_Data to use_.
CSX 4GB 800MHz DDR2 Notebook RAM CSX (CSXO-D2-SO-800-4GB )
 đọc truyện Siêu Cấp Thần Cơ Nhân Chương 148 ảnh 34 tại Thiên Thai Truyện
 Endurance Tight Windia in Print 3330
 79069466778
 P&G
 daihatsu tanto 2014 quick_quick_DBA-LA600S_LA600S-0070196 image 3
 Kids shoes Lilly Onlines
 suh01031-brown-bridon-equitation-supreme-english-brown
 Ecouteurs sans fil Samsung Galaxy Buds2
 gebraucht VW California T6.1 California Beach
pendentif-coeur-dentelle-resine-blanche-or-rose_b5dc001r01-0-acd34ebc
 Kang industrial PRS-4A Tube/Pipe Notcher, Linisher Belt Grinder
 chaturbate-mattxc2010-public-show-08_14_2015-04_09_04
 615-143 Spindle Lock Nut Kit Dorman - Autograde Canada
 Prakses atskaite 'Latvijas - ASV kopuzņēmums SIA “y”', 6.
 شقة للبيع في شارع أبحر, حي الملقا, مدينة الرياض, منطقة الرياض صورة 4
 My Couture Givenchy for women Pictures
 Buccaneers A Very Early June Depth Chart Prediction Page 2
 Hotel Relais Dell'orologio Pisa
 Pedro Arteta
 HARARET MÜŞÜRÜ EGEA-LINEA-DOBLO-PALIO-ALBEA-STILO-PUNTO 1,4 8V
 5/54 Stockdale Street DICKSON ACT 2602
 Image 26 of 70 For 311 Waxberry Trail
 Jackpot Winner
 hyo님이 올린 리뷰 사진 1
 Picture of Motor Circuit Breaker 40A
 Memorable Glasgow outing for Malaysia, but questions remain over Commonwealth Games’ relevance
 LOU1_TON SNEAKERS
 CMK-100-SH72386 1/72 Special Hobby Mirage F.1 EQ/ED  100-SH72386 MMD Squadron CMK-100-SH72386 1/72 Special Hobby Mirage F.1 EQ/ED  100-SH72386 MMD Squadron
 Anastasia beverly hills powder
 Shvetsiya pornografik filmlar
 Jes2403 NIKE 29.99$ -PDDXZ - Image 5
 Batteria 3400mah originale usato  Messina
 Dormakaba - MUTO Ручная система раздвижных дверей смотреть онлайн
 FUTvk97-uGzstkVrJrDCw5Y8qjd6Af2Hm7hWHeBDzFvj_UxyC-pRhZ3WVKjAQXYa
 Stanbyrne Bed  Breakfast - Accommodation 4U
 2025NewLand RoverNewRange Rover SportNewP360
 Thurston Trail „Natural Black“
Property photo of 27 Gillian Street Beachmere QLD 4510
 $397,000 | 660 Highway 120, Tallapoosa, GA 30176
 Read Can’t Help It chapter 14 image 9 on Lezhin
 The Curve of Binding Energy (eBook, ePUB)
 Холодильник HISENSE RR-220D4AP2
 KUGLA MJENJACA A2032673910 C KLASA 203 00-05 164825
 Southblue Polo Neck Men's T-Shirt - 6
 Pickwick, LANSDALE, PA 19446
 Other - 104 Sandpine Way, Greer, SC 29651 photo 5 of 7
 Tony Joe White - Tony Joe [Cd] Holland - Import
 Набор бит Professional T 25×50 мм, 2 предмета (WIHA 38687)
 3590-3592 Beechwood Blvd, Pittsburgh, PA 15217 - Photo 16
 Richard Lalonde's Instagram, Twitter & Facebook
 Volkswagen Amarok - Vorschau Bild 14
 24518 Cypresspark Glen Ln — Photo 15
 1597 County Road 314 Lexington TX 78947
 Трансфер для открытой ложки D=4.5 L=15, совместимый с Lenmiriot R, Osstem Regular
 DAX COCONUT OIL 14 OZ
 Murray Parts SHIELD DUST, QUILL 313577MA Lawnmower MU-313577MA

_Task item_.
Could you set down exactly the lines above, from the one containing "Volkswagen Amarok - Vorschau Bild 14" through the last, including both and nothing else?

_Response_.
 Volkswagen Amarok - Vorschau Bild 14
 24518 Cypresspark Glen Ln — Photo 15
 1597 County Road 314 Lexington TX 78947
 Трансфер для открытой ложки D=4.5 L=15, совместимый с Lenmiriot R, Osstem Regular
 DAX COCONUT OIL 14 OZ
 Murray Parts SHIELD DUST, QUILL 313577MA Lawnmower MU-313577MA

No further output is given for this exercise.